I liked pretty much everything about the Si. Except the engine. It didn't help that I tested it in 95* Texas heat and the thing literally fell flat on its face. As in, my 2009 Si had more low RPM power flat on its face. Then, when it finally DID start to pull a little bit, it smashed into the rev limiter not long after.

I haven't tested one out here yet where the gas is 91 octane pee water and temps are about 20-30* hotter.

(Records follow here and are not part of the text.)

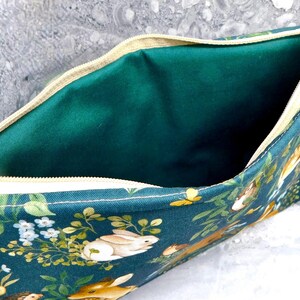 May include: A teal zippered pouch with a woodland animal print featuring rabbits, hedgehogs, and foliage. The interior is a solid emerald green. The zipper is beige.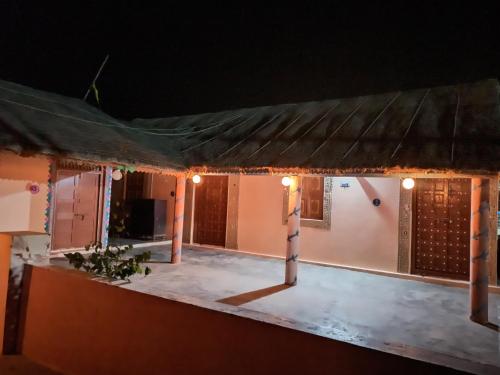 a view of a house at night with lights at Rann Kandhi in Dhordo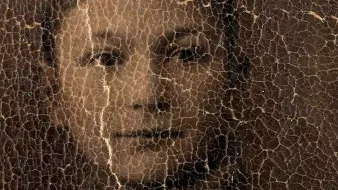 L'image représente un portrait d'une personne, probablement un jeune garçon, dont les traits sont légèrement obscurcis par un certain vieillissement et des fissures à la surface. Le visage montre des expressions délicates et le regard engageant, mais les détails sont atténués à cause de l'état usé de la photographie. Le fond semble sombre, ce qui accentue l'apparence vieillie de l'image.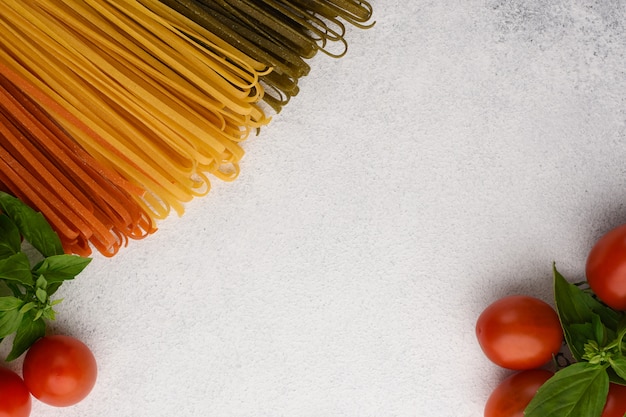 Fideos espaguetis vegetales con tomates cherry y marco de albahaca. Ingredientes de pasta sobre fondo de piedra blanca con espacio de copia.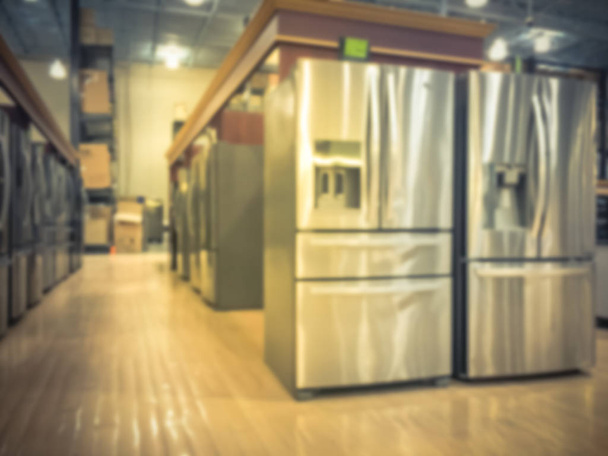 Vintage tone defocused brand new wide selection of French door refrigerators. Row of stainless steel fridges at Irving, Texas, USA. Motion blurred retail store home appliances equipments - Photo, Image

The other issue I had was that the engine wasn't particularly smooth and it revved like it had a 60lb flywheel. I used to complain about the "rev hang" on my 2009 Si, but it was nothing compared to what I was getting on the new Si. It made my 2.3x the size V6 Accord feel like it had a race flywheel.

Compared to the 2.0T Accord engine, it just isn't a contest. The Si as it is compared to the Nismo Sentra and Elantra GT vs the GTI, WRX, ST, or any of those. If you start throwing mods at all of them, it gets even worse.
Even before the flash, with the rev hang I’d still buy it.

It’s my subjective opinion having driven most of the similar competing models. The GTI I drove was a generation or two earlier but the Sentra Nismo and Elantra GT don’t even appear to be on the same plane.

I couldn’t give a crap about how fast it is. We live in a world where even my wife’s Grand Cherokee with a V-6 can almost break into the high 6 second range to 60. The Civic Si is an attractive package for the money.

You can slam your opinions down my throat but if I needed to purchase a car in the mid-20 range that would be it. Cockpit adjustable suspension, comfy seats, lots of trunk space and a fantastic shifter, I’m sold.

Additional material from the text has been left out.